◆ **Your task**
What you give back must match the records below exactly.
* * * * * * * * *
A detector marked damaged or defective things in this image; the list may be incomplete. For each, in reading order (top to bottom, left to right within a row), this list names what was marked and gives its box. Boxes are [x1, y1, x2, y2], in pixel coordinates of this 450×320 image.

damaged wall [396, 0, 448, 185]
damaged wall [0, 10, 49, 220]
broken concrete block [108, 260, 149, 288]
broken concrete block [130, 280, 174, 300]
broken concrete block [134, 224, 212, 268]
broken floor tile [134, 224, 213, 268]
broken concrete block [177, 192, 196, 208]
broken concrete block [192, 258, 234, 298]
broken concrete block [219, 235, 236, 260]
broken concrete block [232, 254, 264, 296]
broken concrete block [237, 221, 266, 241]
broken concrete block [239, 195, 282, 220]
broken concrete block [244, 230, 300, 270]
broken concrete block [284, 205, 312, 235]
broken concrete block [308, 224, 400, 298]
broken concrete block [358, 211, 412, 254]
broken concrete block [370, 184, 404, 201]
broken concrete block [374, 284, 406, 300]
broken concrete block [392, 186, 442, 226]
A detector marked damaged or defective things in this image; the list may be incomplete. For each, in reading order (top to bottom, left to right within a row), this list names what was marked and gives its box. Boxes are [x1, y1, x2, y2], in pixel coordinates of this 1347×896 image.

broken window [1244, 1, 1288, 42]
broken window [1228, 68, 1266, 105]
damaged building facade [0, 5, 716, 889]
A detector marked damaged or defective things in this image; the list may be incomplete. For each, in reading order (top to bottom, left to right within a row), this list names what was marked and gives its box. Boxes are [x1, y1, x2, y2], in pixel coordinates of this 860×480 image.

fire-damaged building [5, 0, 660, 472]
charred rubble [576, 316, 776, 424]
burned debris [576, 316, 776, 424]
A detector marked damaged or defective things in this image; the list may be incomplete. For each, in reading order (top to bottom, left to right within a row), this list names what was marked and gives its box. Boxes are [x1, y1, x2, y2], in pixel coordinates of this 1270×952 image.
* * * * * * * * *
◆ **Output below**
A detector marked damaged or defective things in this image; the list may be incomplete. For each, in reading order (top to bottom, left to right within a row), this list names what was marked and gives its box. Boxes are [x1, y1, x2, y2], in pixel coordinates of this 450×320 image.

damaged wall [396, 0, 448, 185]
damaged wall [0, 10, 49, 220]
broken concrete block [108, 260, 149, 288]
broken concrete block [130, 280, 174, 300]
broken concrete block [134, 224, 212, 268]
broken floor tile [134, 224, 213, 268]
broken concrete block [177, 192, 196, 208]
broken concrete block [192, 258, 234, 298]
broken concrete block [219, 235, 236, 260]
broken concrete block [232, 254, 264, 296]
broken concrete block [237, 221, 266, 241]
broken concrete block [239, 195, 282, 220]
broken concrete block [244, 230, 300, 270]
broken concrete block [284, 205, 312, 235]
broken concrete block [308, 224, 400, 298]
broken concrete block [358, 211, 412, 254]
broken concrete block [370, 184, 404, 201]
broken concrete block [374, 284, 406, 300]
broken concrete block [392, 186, 442, 226]
A detector marked damaged or defective things in this image; the list may be incomplete. For each, in reading order (top to bottom, left to right within a row), this list names what was marked and gives its box. Boxes are [x1, y1, x2, y2], in pixel coordinates of this 1347×896 image.

broken window [1244, 1, 1288, 42]
broken window [1228, 68, 1266, 105]
damaged building facade [0, 5, 716, 889]
A detector marked damaged or defective things in this image; the list may be incomplete. For each, in reading order (top to bottom, left to right within a row), this list names what was marked and gives its box. Boxes are [x1, y1, x2, y2], in pixel coordinates of this 860×480 image.

fire-damaged building [5, 0, 660, 472]
charred rubble [576, 316, 776, 424]
burned debris [576, 316, 776, 424]
A detector marked damaged or defective things in this image; the list may be incomplete. For each, in reading order (top to bottom, left to right within a row), this list names what was marked and gives its box. Boxes are [x1, y1, x2, y2], in pixel coordinates of this 1270×952 image.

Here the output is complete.